Dataset extract:
____

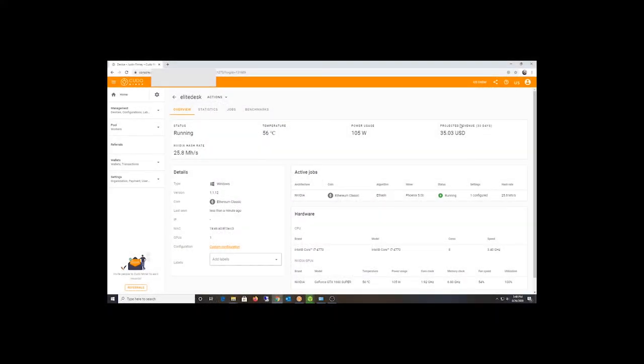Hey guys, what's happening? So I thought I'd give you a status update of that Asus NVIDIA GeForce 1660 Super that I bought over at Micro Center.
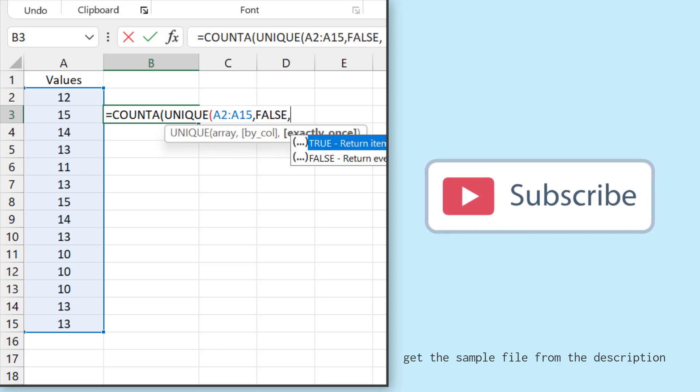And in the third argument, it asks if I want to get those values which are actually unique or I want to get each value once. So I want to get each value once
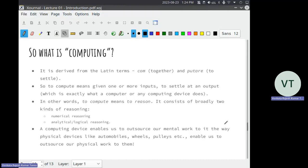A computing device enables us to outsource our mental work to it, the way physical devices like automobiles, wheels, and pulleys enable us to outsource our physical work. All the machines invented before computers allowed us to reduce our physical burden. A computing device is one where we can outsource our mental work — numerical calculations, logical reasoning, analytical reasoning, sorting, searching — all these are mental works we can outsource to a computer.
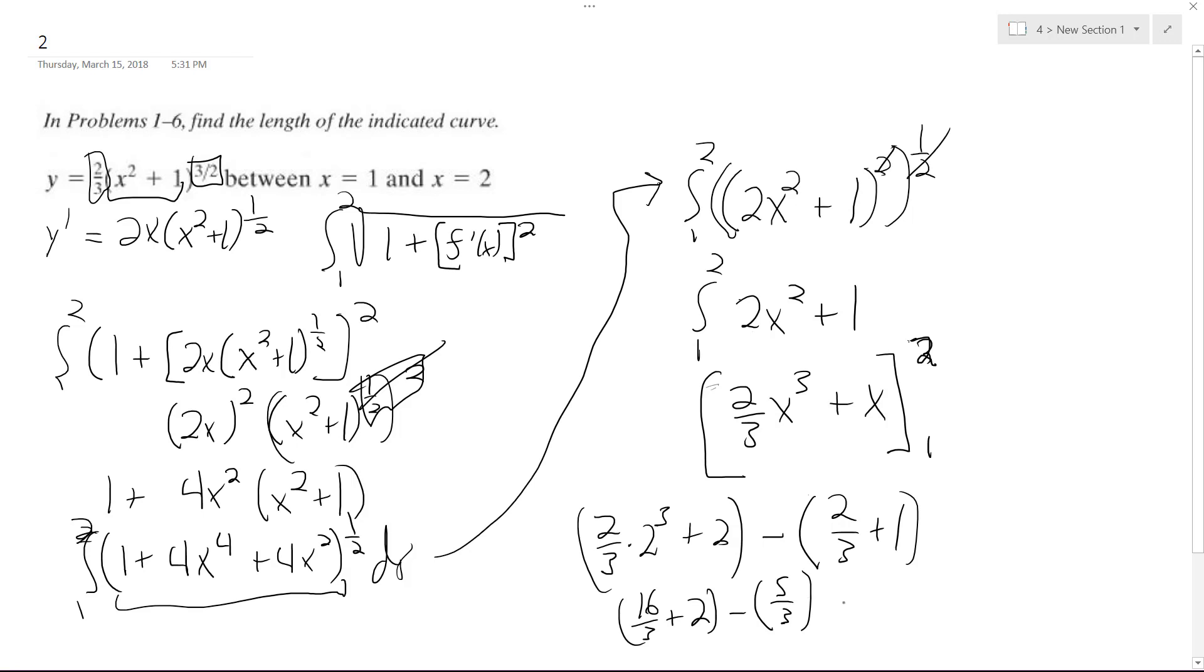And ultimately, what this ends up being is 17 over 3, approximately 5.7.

____

Task statement:
Leaving out the pictures, transcribe the material above exactly.

Answer section:
Hey guys, what's happening? So I thought I'd give you a status update of that Asus NVIDIA GeForce 1660 Super that I bought over at Micro Center.
And in the third argument, it asks if I want to get those values which are actually unique or I want to get each value once. So I want to get each value once
A computing device enables us to outsource our mental work to it, the way physical devices like automobiles, wheels, and pulleys enable us to outsource our physical work. All the machines invented before computers allowed us to reduce our physical burden. A computing device is one where we can outsource our mental work — numerical calculations, logical reasoning, analytical reasoning, sorting, searching — all these are mental works we can outsource to a computer.
And ultimately, what this ends up being is 17 over 3, approximately 5.7.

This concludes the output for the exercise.